In 2013, CHEER facilitated a dialogue between the medical community and African American breast cancer survivors as a first step to try to understand the reasons breast cancer is more deadly in the African American community. In 2017, she received funding from the Tennessee Department of Health to document the many factors that contribute to Memphis having one of the largest disparities in breast cancer mortality in the country between white women and African American women.
Dr. White-Means is happy with the global focus on health disparities and health equity now, as she continues her work to identify solutions for achieving health equity. These solutions address necessary changes within health care systems, as well as changes in social determinants of poor health outcomes based on where individuals live, work, and play.
Moving ahead
In October, Dr. White-Means presented a paper at the Hooks Institute for Social Change at the University of Memphis on the impact of job types on individual health. Titled, “Workplace Setting and Job Types as Determinants of Health Disparities,” the paper harked back to her original work with the migrant farmers.

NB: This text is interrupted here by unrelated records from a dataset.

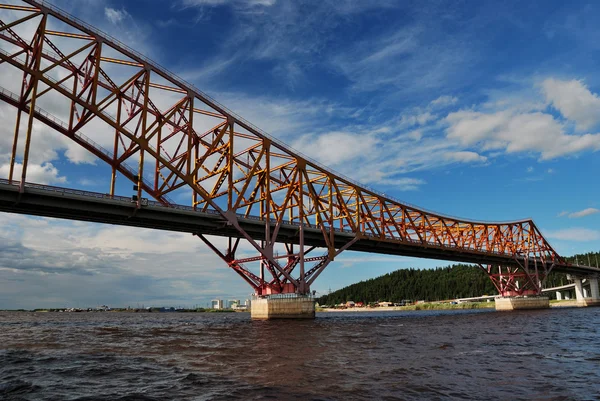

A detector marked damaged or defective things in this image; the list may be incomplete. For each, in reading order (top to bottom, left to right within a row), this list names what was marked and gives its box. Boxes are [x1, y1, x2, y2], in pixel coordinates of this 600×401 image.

rusty steel truss bridge [0, 0, 596, 296]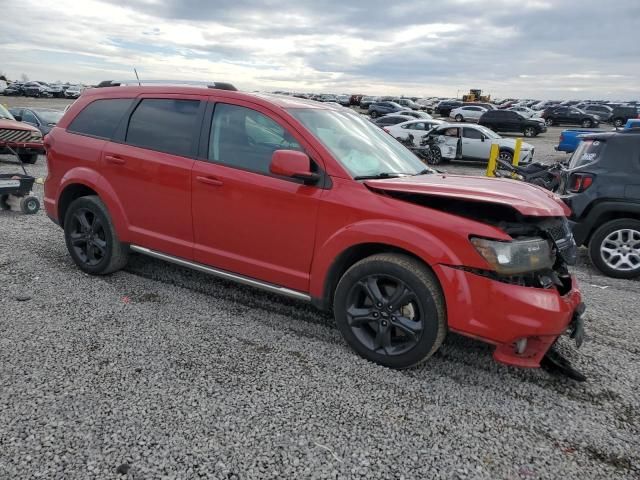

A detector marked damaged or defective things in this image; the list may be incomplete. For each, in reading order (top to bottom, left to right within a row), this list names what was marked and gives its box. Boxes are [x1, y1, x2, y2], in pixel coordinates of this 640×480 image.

crumpled hood [364, 173, 568, 217]
broken headlight [470, 236, 556, 274]
damaged front bumper [432, 264, 584, 370]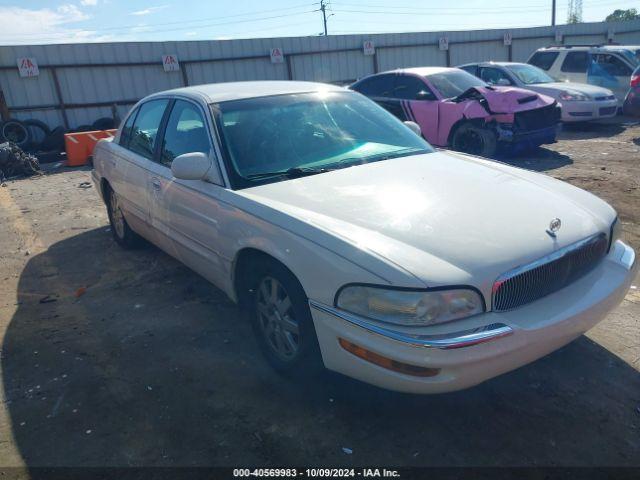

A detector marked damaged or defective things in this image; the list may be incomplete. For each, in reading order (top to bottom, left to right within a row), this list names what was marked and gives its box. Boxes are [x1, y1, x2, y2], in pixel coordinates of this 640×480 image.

pink damaged car [350, 66, 560, 157]
car with crumpled front end [350, 66, 560, 158]
car with crumpled front end [460, 61, 620, 122]
car with crumpled front end [90, 79, 636, 394]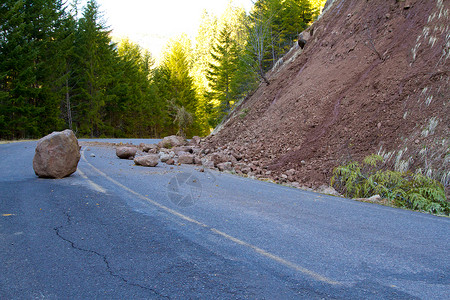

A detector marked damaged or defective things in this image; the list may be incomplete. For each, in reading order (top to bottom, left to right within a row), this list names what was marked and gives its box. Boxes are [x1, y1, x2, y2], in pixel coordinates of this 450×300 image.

cracked asphalt [0, 139, 450, 298]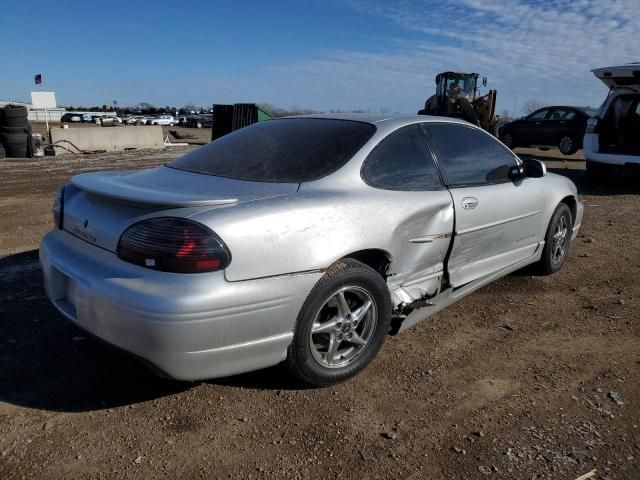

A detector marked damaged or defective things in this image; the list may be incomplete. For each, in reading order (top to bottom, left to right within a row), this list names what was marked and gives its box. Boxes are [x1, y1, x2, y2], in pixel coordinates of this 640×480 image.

damaged silver coupe [37, 115, 584, 386]
exposed wheel well [342, 249, 392, 280]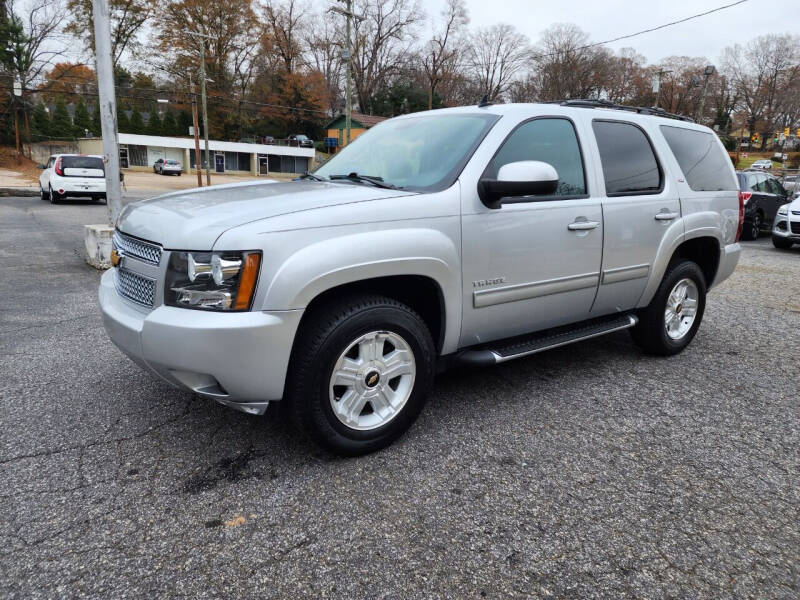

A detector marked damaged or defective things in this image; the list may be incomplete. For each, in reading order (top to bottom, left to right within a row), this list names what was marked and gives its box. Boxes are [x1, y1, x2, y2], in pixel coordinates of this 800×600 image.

She said she produced the paper to make people aware that the jobs they have chosen will impact health outcomes. Gig-market or contract jobs that don’t carry health care coverage tend to be filled by minorities. “We need to look at what is going on in the labor force,” she said. “It’s not just about wages. Employees need to be aware that job choices and the growing racial divide in the quality of jobs impact health over the lifetime.”
At this point, Dr. White-Means said she feels she has made a contribution, but there is more to do. She is especially pleased that the university has adopted the social determinants of health as the focus of its Quality Enhancement Plan, a multiyear transformative learning initiative. Understanding the role of social determinants is a critical area of emphasis in Memphis, a city that reports racial and ethnic disparities in most health outcomes, she said.
“We want to make sure every student who enters the doors at this university has a knowledge of, application in, and training in the social determinants of health,” she said. “It’s not a taboo to talk about these kinds of issues. Cultural competency is important. Students need to understand that socioeconomics, education, and other factors not only affect health status, but also impact patient compliance and how health providers communicate and interact with patients in order to understand their needs.”